Winnicott initiated the Squiggle game in first assessment interviews with children. He started off by drawing a squiggle on a piece of paper; he then asked the child to add to it. Over the course of the initial interview, Winnicott and the child took it in turns to draw something in response to the other’s squiggle. In this way, the squiggle sometimes turned into pictures. For each interview, there were usually about thirty drawings produced.

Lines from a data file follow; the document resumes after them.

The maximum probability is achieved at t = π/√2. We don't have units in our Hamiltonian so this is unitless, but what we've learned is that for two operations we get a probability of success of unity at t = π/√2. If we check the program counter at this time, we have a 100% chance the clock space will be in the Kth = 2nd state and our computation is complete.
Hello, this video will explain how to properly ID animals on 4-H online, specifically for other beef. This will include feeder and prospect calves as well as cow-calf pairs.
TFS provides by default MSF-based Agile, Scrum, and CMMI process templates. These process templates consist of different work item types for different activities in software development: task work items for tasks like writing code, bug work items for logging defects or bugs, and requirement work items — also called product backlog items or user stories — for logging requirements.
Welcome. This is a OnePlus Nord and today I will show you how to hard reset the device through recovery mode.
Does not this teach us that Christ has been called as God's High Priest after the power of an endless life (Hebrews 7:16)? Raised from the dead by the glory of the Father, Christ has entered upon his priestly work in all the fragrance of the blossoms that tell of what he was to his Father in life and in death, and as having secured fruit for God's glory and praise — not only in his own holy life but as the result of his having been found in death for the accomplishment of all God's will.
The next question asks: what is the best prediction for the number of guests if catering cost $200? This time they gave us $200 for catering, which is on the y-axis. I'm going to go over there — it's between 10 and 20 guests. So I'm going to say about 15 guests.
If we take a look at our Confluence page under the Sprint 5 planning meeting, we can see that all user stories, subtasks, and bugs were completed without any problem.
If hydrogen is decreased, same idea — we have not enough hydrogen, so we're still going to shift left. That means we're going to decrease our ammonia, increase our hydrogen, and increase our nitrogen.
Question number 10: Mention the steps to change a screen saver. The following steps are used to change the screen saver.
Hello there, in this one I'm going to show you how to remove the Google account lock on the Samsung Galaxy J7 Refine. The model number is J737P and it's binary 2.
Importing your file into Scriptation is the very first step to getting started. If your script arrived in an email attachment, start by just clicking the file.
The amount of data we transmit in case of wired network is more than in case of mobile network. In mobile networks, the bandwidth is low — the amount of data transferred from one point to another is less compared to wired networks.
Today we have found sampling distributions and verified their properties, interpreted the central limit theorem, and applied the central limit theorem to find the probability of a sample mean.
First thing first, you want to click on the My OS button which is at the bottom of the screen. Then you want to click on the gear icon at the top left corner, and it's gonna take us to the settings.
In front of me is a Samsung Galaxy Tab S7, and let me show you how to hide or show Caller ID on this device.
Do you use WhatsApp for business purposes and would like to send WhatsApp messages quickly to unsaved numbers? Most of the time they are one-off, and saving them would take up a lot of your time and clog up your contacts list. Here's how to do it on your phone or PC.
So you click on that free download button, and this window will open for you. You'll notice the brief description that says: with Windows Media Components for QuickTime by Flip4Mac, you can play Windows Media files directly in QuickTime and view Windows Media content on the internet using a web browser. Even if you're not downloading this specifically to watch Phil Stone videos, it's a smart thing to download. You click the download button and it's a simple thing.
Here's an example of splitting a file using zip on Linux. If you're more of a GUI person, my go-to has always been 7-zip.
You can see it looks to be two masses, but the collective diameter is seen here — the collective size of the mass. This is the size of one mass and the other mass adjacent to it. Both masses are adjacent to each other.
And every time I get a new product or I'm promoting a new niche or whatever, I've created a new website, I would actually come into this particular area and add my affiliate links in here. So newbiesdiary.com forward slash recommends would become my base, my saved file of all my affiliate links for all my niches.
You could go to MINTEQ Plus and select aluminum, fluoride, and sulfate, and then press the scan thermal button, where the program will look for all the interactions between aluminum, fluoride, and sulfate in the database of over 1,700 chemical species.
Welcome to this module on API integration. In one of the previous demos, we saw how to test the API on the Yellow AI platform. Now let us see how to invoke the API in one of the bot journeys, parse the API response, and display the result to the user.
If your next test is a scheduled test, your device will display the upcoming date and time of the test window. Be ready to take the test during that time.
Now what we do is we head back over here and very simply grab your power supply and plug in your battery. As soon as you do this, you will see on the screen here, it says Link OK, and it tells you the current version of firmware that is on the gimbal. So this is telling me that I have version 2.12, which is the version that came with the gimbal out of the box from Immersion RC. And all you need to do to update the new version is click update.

Winnicott was quite reluctant to write about the Squiggle Game, lest it be turned by some into a psychological test:

“… I have hesitated to describe this technique, which I have used a great deal over a number of years, not only because it is a natural game that any two people might play, but also, if I begin to describe what I do, then someone will be likely to begin to rewrite what I describe as if it were a set technique with rules and regulations. Then the whole value of the procedure would be lost. If I describe what I do there is a very real danger that others will take it and form it into something that corresponds to a “Thematic Apperception Test”. The difference between this and a T.A.T. is firstly that it is not a test, and secondly that the consultant contributes from his own ingenuity almost as much as the child does.

Naturally, the consultant’s contribution drops out, because it is the child, not the consultant, who is communicating distress.”

He describes the simplicity of the technique in the following way:

“At a suitable moment after the arrival of the patient, usually after asking the parent to go to the waiting-room, I say to the child: “Let’s play something. I know what I would like to play and I’ll show you.” I have a table between the child and myself, with paper and two pencils. First I take some of the paper and tear the sheets in half, giving the impression that what we are doing is not frantically important, and then I begin to explain. I say, “This game that I like playing has no rules. I just take my pencil and go like that …,” and I probably screw up my eyes and do a squiggle blind. I go on with my explanation and say, “You show me if that looks like anything to you or if you can make it into anything, and afterwards you do the same for me and I will see if I can make something of yours.”

This is all there is by way of technique, and it has to be emphasised that I am absolutely flexible even at this very early stage, so that if the child wishes to draw or to talk or to play with toys or to make music or to romp, I feel free to fit in with the child’s wishes. Often a boy will want to play what he calls a “points game”; that is to say, something that can be won or lost. Nevertheless, in a high proportion of first-interview cases the child fits in sufficiently long with my wishes and with what I like playing for some progress to be made. Soon the rewards begin to come in, so that the game continues. Often in an hour we have done twenty to thirty drawings together, and gradually the significance of these composite drawings has become deeper and deeper, and is felt by the child to be part of communication of significance.”